Originally posted by MacGyver
Oh bull****. You and I both know that residency involves a lot of time when you are hunting down lab results and doing stuff that has very little to do with active patient care.

Things like sitting down and doing boring paperwork, hunting down lab results, waiting on imaging studies, reviewing orders, and holding retractors in teh same position for 5 hours straight while famous Doctor X does all the good stuff.
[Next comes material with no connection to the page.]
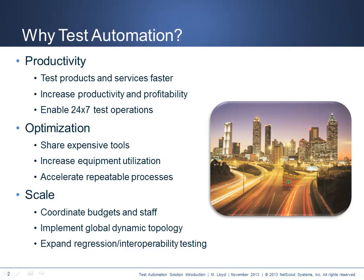Automation can also establish 24x7 test operations from anywhere in the world. Test automation optimization enables the sharing of expensive tools across multiple equipment pools and user groups. It increases the overall equipment utilization so less equipment is needed in the long term. And often, more importantly, it facilitates processes that are not only fast but also very repeatable, making regression testing as simple as a click of a mouse.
You're not fooling anyone with that crap about how everything you do during a 36 hour shift is fun and interesting, cause everybody here knows you are lying about that.


It's true, it's true.

A lot of those 36 hours is taken up by mundane activities that do not require a medical degree to perform. Do not fall prey like most of the med students and residents out there have that working long hours is necessary in order to make you a competent physician. Residency programs need you to believe this old line in order to keep you working those hours. Who in their right mind believes that waiting for x-rays, transporting patients, and doing secretarial paperwork will make them a better physician? It's all about utilizing residents as cheap labor under the premise that it is of educational value.
 
5oprolene,

you are right. Shortly, though Linie and her ilk are going to come back on here and procalim that at Hopkins, they dont do paperwork. That at Hopkins, everything you ever do is a valuable learning experience based on patient care. That at Hopkins, every waking moment is spent learning an advanced procedure that other programs dont give you access to.

Linie's whole spiel on this thread has been about how Hopkins is supposedly special and different than all other residency programs. I GUARANTEE YOU she is going to come back here and make up some more BS about how at Hopkins, they operate differently than every other residency program in the country. Of course, she cant pull that crap on me, because I know personally a couple of the IM residents on the Osler service.

you and I both know its bull****, and that Hopkins operates very similar to other residency programs in using their residents for cheap ass labor that often has nothing to do with learning or helping patients.
 
It doesn't matter where you are, whether it be Hopkins, Harvard, or Buckwheat Medical Center---there is no justification for working exhaustive shifts. Even if you are doing activities directly related to your education or patient care, there is no real viable reason you should be doing them when you are extremely tired. Residents go along with it and suffer through it because they operate under the assumption that they have to since they are the low-man on the proverbial medical hierachy and that it is part of medical "culture" and a "rite of passage"...and all that B.S. they believe just because they were told it is just the way it has always been. Medicine has always been a very conformist profession and stuff like this just propagates it. But if more and more residents started standing up for themselves and not just sheepishly going along with being exploited then the system would gradually change. It's great that we've finally got an 80-hour rule going, but we need more. 80 hours is still too much. You can train to be a competent doctor in less time if all the unnecessary garbage was taken care of by people who weren't training to be doctors.
 
Damn misfit, how am I supposed to be a crotchety old man when you are so polite? ;)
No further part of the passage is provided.